Clara’s main asset is a program that applies algorithms to match rough diamond production with polished manufacturing demand on a stone by stone basis. It also uses blockchain, the technology behind digital currency bitcoin, to allow buyers source rough diamonds tailored to specific polished gems demand, resulting in improved margins for both buyers and sellers.
Lucara will use its digital platform to transform the process of how rough diamonds are sold in the market, it said in a statement.
"Clara uses proprietary analytics together with cloud and blockchain technologies to modernise the existing diamond supply chain, driving efficiencies and ensuring diamond provenance from mine to finger," it said.

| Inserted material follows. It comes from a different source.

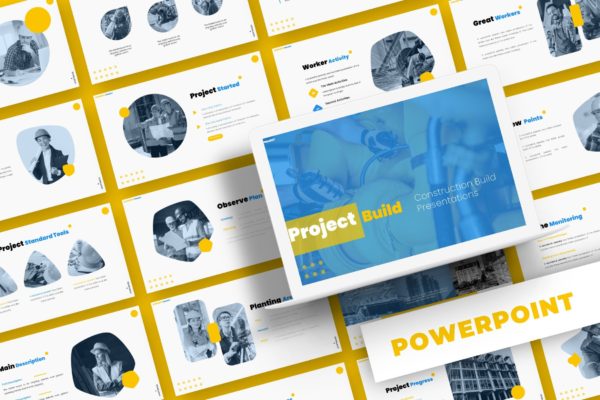 项目构建幻灯片演示PPT模板 Project Build – Powerpoint Template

Lucara intends to commercialise the Clara platform using a selection of the diamond production from the company’s Karowe Diamond Mine and later expand to accommodate diamond uptake from a variety of sources across the supply chain, the company said.
"Testing on the platform has demonstrated the potential to unlock greater than 20% of value throughout the diamond pipeline. Clara’s revenue model will be based on capturing a portion of this incremental value," it said.
Lucara has also replaced William Lamb with Eira Thomas, who is one of the firm’s co-founders, as CEO.
“Consumers want to know that their diamonds are produced from mines that are good stewards of the land, that have social policies, that are progressive, that we think about our contributions to our communities,” Thomas was quoted as saying by The Financial Times.
Blockchain systems are seeing increased use in supply chain management as they can streamline the process by permanently recording each transaction on the blockchain, significantly increasing transparency.
With the move towards blockchain tech, Lucara joins the ranks of larger peers such as De Beers and Russia’s Alrosa PJSC, according to a Bloomberg report. Last month De Beers said it was testing a virtual ledger to ensure consumers that its gems are genuine.
"It is a huge public ledger as immutable as anything invented. It is a much more un-hackable system than anything on a single server," De Beers’ CEO Bruce Cleaver was quoted as saying by The Bitcoinist.